Want to get the perfect marathon pacing formula? Here are the tips

As children, we all have enjoyed running from one place to the other, after our friends and siblings. Running then was more of a fun rather than an exercise for us. But, running the Marathon races is something very different from running around in the neighborhood. Marathons are considered as the most difficult type of running in comparison to the other types. To be a good and successful runner in marathon racing requires many things like a good stamina, fit body and a good pacing formula which altogether help you to win the marathon races.

One of the major problems that are faced while running the marathon races is to keep up a constant pace throughout the race. Most of the runners start either too fast or too slow which have their own consequences. When you start too fast, by the time you are crossing the 18 mile mark, you are already into deep trouble as your body gets completely exhausted and then to carry on running to the next 8 miles gets more difficult and ugly. Similarly, when you start running at a slower pace and cover the first few miles easily your legs stop responding when you wish to increase your pace during the final miles. This is because your legs actually get tired initially and hence when you want to increase your pace, your legs won't increase your strides thus increasing your pace. Thus, to help you with your pace here are a few tips provided by the well experienced marathon runners.

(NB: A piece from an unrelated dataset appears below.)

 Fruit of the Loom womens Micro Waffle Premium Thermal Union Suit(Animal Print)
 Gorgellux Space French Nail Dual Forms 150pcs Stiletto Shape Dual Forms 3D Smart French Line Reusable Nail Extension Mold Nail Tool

1 To get to know your actual speed of running, you should run at least half the marathon distance with the best possible speed and your ability for the complete first week. While running this half marathon distance, wear a heart rate monitor to record your average heart rate. From this recorded average heart rate, subtract 5 beats to know your actual marathon heart rate. For instance, if your average heart rate is 150bpm, then subtract 5bpm to know your actual average heart rate.

2 Once you know your heart rate, you should practice running for at least once in a week at this heart rate before the marathon will help you to build up the stamina and also correct your efforts. Initially start your practice from 5 miles a day and then increase it gradually upto 20 miles at the same rate. This will help you maintain your pace at a good speed throughout the race.

3 During the next week, run longer in the next half which will help you improve your fitness and maintain it regularly. But after the long runs it is also important to take sometime to recover for your body.

4 Record your average heart rate after running another half marathon during the midpoint of your training session. This will allow you to know about the changes occurring in your average heart rate. In case your heart rate decreases, it indicates that you are over training yourself which might prove harmful for your body.

5 Run just half a marathon with full effort for three weeks, as your marathon day approaches. Continue to measure your heart rate while practicing for the marathon and keep this measurement for future upcoming marathons.